Also den Hinweis bezüglich JOIN wurde doch schon einmal gesagt ... ok, das in #2 is ok, aber wenn ich das aus #1 sehe, dann verzweifel ich (denn Du machst da ja nicht erst seid heute!)

Und Du willst Dir evtl. einfach die AVG Methode ansehen?

Und ein JOIN wird nicht notwendig sein, denn der Vorgesetzte ist ja egal. Da wird ja hoffentliche ein Foreign Key drauf sein, so dass Du nur eine WHERE Bedingung brauchst, dass e2.mgr nicht null ist.

Und das Ergebnis ist natürlich falsch, weil Deine Bedingung falsch ist. Du machst den avg von allen Leuten, die Vorgesetzte sind. (Also ein e2 Eintrag haben mit mgr = empno)
Edit: Das hatte ich in der Aufgabe falsch gelesen ... man will die Vorgesetzten haben ...


----------



## Meniskusschaden (10. Jan 2021)

kneitzel hat gesagt.:


> Edit: Das hatte ich in der Aufgabe falsch gelesen ... man will die Vorgesetzten haben ...


Irgendwie ist die Aufgabe doch auch einfach falsch formuliert bzw. widersprüchlich zur erwarteten Antwort:

"Betrachtet seien alle Angestellten mit Untergebenen ... Berechnen Sie für *diese* Angestellten:"
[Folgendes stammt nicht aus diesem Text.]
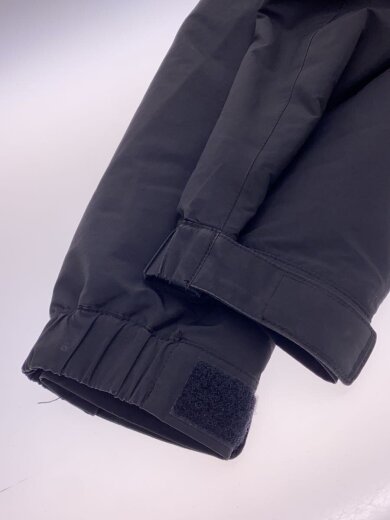 商品画像：中綿ジャケット/S/ポリエステル/BLK/無地/11-18-0921-803// 5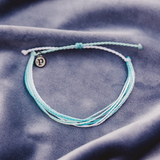 Pura Vida Charity Bracelet ~ Ocean Conservation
Es geht also nur um die Chefs und davon gibt es lediglich zwei (KING und JONES). Für anz müsste also eigentlich 2 heraus kommen und nicht 6. Bei den anderen Werten ist es ähnlich.


----------



## mihe7 (11. Jan 2021)

Meniskusschaden hat gesagt.:


> Irgendwie ist die Aufgabe doch auch einfach falsch formuliert bzw. widersprüchlich zur erwarteten Antwort:
> 
> "Betrachtet seien alle Angestellten mit Untergebenen ... Berechnen Sie für *diese* Angestellten:"
> 
> Es geht also nur um die Chefs und davon gibt es lediglich zwei (KING und JONES). Für anz müsste also eigentlich 2 heraus kommen und nicht 6. Bei den anderen Werten ist es ähnlich.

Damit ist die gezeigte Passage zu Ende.